Posted in Arts, Biography, Books, Caribbean/Latin America, Media Archive, Novels, Women on 2015-06-23 00:37Z by Steven

Drum Dream Girl: How One Girl’s Courage Changed Music

Houghton Mifflin Harcourt
2015-03-31
48 pages
Hardcover ISBN-13/ EAN: 9780544102293
eBook ISBN-13/ EAN: 9780544102286

Margarita Engle

Rafael López

In this picture book bursting with vibrance and rhythm, a girl dreams of playing the drums in 1930s Cuba, when the music-filled island had a taboo against female drummers.

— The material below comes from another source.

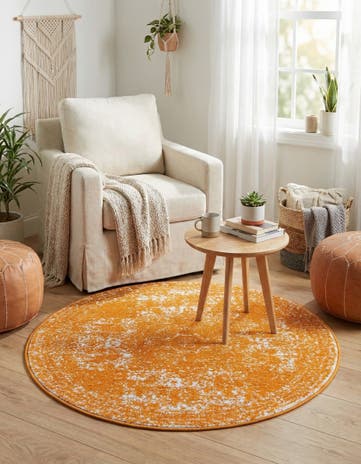 Orange Dover Round Rug
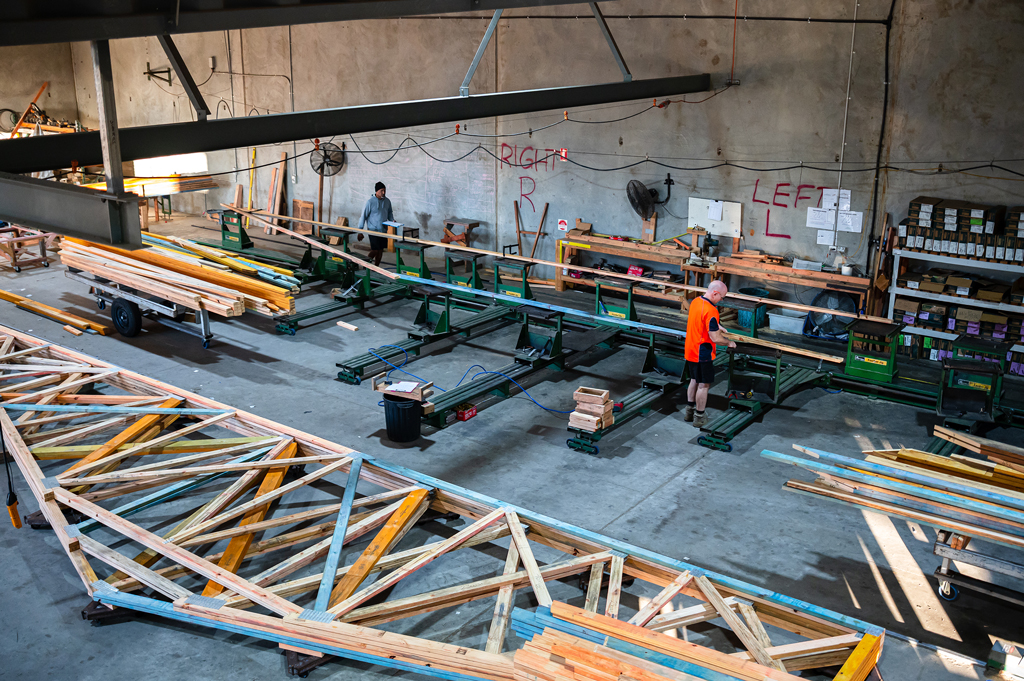 TownsvilleHardwareManMakingTrusses Townsville Hardware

Girls cannot be drummers. Long ago on an island filled with music, no one questioned that rule—until the drum dream girl. In her city of drumbeats, she dreamed of pounding tall congas and tapping small bongós. She had to keep quiet. She had to practice in secret. But when at last her dream-bright music was heard, everyone sang and danced and decided that both girls and boys should be free to drum and dream.

Inspired by the childhood of Millo Castro Zaldarriaga, a Chinese-African-Cuban girl who broke Cuba’s traditional taboo against female drummers, Drum Dream Girl tells an inspiring true story for dreamers everywhere.